Apesar da formação em Artes, Rasu trabalha com três disciplinas: Artes, Educação Física e Ciência. Isso porque educadores na Secretaria de Educação do estado são escassos.
Em 2021, apenas 428 dos mais de 483 mil professores de Ensino Superior eram indígenas, de acordo com o Censo da Educação Superior.
“Na escola não indígena você tem um data show, a linha de internet… Recursos para facilitar a compreensão dos aprendizes. Já na comunidade indígena, você não tem esses recursos. Isso dificulta a transmissão de alguns conteúdos. Então são inúmeros desafios”, conta Rasu.

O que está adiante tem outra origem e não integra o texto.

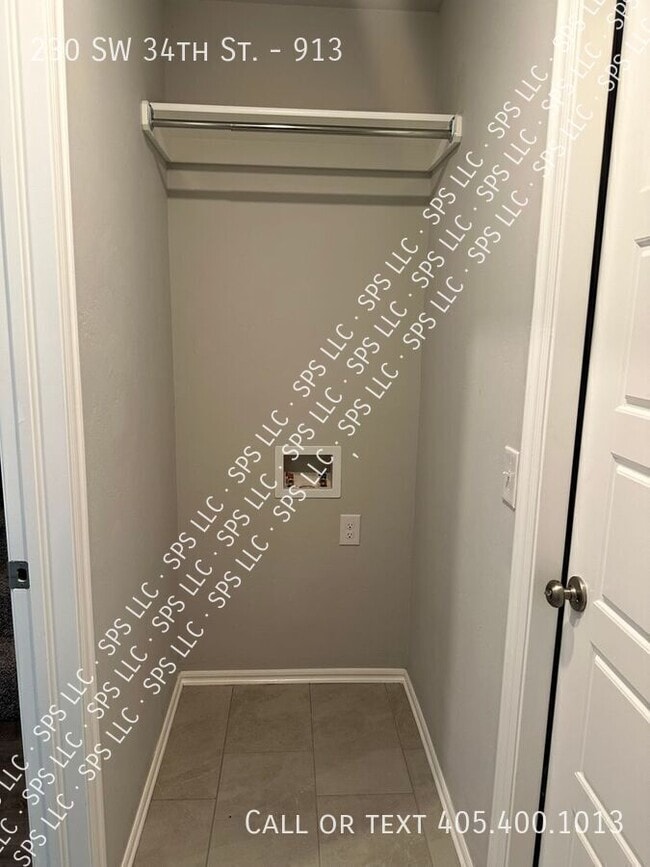 Photo - 230 SW 34th St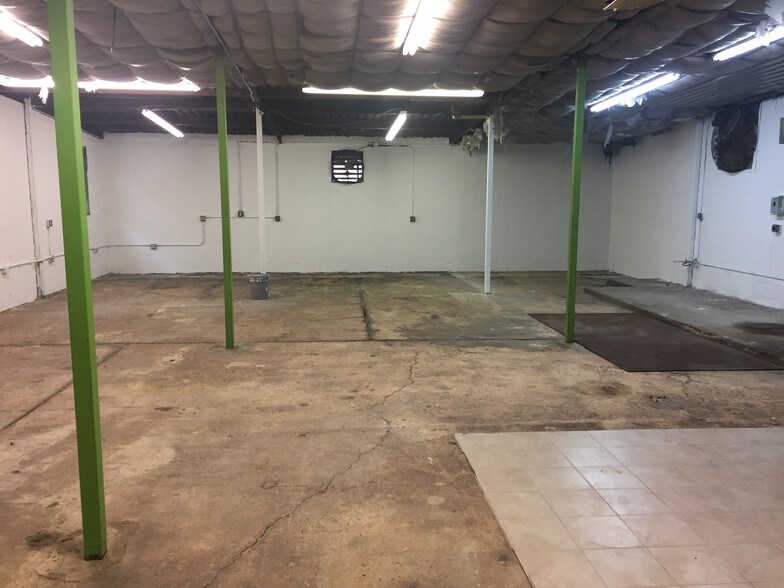 More Photos Of 9227 Alberene Dr, Houston Unknown For Lease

A Educação Escolar Indígena, segundo a Lei de Diretrizes e Bases da Educação Nacional (LDB) 9394 deve ter um tratamento diferenciado das demais instituições e dos sistemas de ensino. Isso é enfatizado pela prática bilíngue e intercultural. No entanto, o professor considera que é preciso ir além, pois as salas de aula deveriam oferecer condições mínimas, como iluminação e climatização, para que os alunos indígenas tenham as mesmas oportunidades que os não indígenas da cidade.
“Sei que nos documentos a educação é um direito de todos, que deve ser igual para todos. Mas essa igualdade não acontece, porque os recursos que existem nas escolas de zona urbana não existem nas escolas indígenas”, relata.
Educação indígena para todos
Rasu é o primeiro indígena do Brasil a integrar um mestrado de Artes Cênicas. Tal feito é motivo de grande orgulho, mas também preocupação. Indígenas universitários representam apenas 3,3% dos mais de 1,4 milhão de pessoas que se identificam como indígenas no País, considerando os dados parciais do Censo Demográfico de 2022.
“São poucos os que conseguem se destacar, porque só ao se manter fora da sua comunidade já é um custo muito alto. Além do desafio de conhecimento que você vai ter que enfrentar, existe o uso da tecnologia para se adaptar num ambiente totalmente diferente, capitalista e preconceituoso”, reflete.
O pesquisador ainda conta que para mais indígenas poderem acessar esses espaços, o planejamento do país deve considerar as comunidades indígenas.
A forma como esse conhecimento tradicional tem sido pensado é complexo, na perspectiva de Rasu, uma vez que a língua do próprio povo é estudada como estrangeira, mesmo sendo a língua de origem. Isso dificulta a entrada dos estudantes nas universidades por meio do Enem: “Os conhecimentos que a gente tem não são certificados. O MEC não certifica pelos conhecimentos tradicionais dos alunos. Portanto, isso não vai servir para o currículo deles. Quando o estudante vai fazer uma prova do Enem, não vai precisar desses conhecimentos, dos conhecimentos tradicionais do seu povo.”
Além disso, o professor ressalta que a educação índigena deve ser pensada a partir da base, e não por pessoas que não conhecem a realidade de cada comunidade indígena. É necessário considerar o contexto social e as especificidades.